These days, the Consumer Financial Protection Bureau is actually getting a lot of praise. For one, The NAMB, The Association of Mortgage Professionals praised the CFPB and its Director Richard Cordray for taking steps to revise mortgage rules designed to facilitate lending in rural and underserved areas. NAMB went on to strongly urge the agency to quickly address the need for regulatory relief for mortgage professionals unfairly targeted for unnecessary and harmful regulations in the aftermath of the financial crisis of 2008.
“Any regulation relief that helps a group of consumers is a good start,” said John Councilman, NAMB President, “but it’s way past time for Director Cordray and the CFPB to acknowledge that mortgage professionals were not responsible for causing the financial crisis.” Councilman added, “If Director Cordray truly wants to help serve the underserved and rural areas, he and his agency should offer real regulatory relief to the thousands of mortgage professionals who are both small business owners and the best advocates for consumers.”
“The real irony under the current set of rules is that many community banks and credit unions essentially act as mortgage brokers because they operate as indirect lenders by outsourcing their mortgage underwriting and using a warehouse line to fund loans,” Councilman continued.
“If Director Cordray truly wants to help consumers make sure that healthy market competition with consumer protections are maintained, he should use the authority given to the CFPB by the Dodd-Frank Act to eliminate the inclusion of creditor payments to mortgage brokerage entities in the 3% cap on points and fees,” added Councilman.
“If the CFPB does not fix this issue soon, low and moderate income consumers may be harmed by paying a higher mortgage rate than they would otherwise qualify for, thereby creating a potential disparate impact,” concluded Councilman.
Bob Davis, American Banker Association executive vice president of mortgage markets, added, “We applaud the bureau for listening to community bankers who struggle to serve rural and underserved areas.

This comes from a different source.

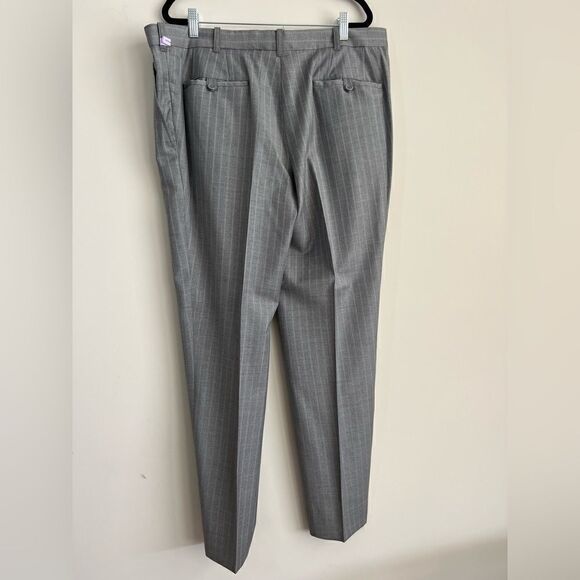 Men’s Sam’s Tailor’s Custom Suit. Excellent Condition. Size 44L - Picture 3 of 16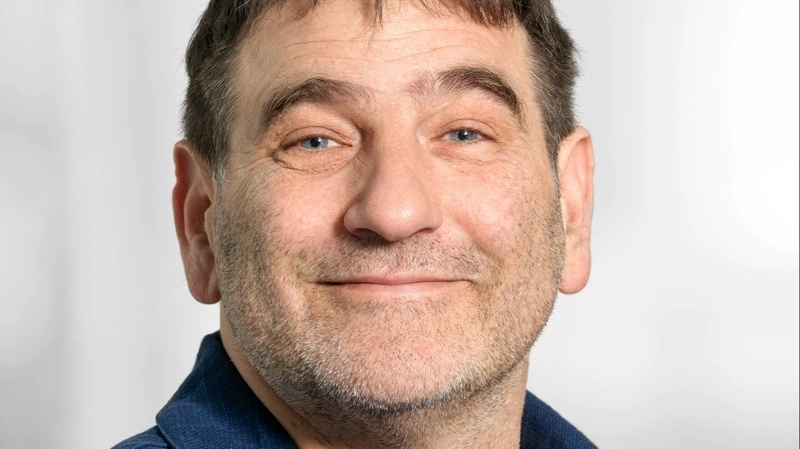 Det ville være lidt sjovere, hvis hele fødevarebranchen kunne finde ud af at enes om det, som de fleste er enige om: Intet er vigtigere end mad. Hvis de forskellige mad-religioner begravede stridsøksen, kunne det være, at danskerne i højere grad kunne motiveres til at støtte op om danske producenter over en kam, siger Felix Bekkersgaard Stark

These proposed changes are sensible measures that will make it easier for certain hometown bankers to meet the mortgage credit needs in their communities.”
“We appreciate that the CFPB responded favorably to ABA’s recommendations to expand the definitions of ‘rural area’ and to increase the number of loans an institution can make before falling out of the ‘small’ category. If these proposals become final rules, many communities will enjoy more choice and expanded competition for mortgage credit.
“ABA intends to maintain its constructive engagement with the bureau and the Congress to achieve broader relief for the more than 60 percent of the U.S. population not impacted by these changes. Consumers in all parts of the nation deserve relief from overly restrictive rules and unintended consequences of recent reforms.”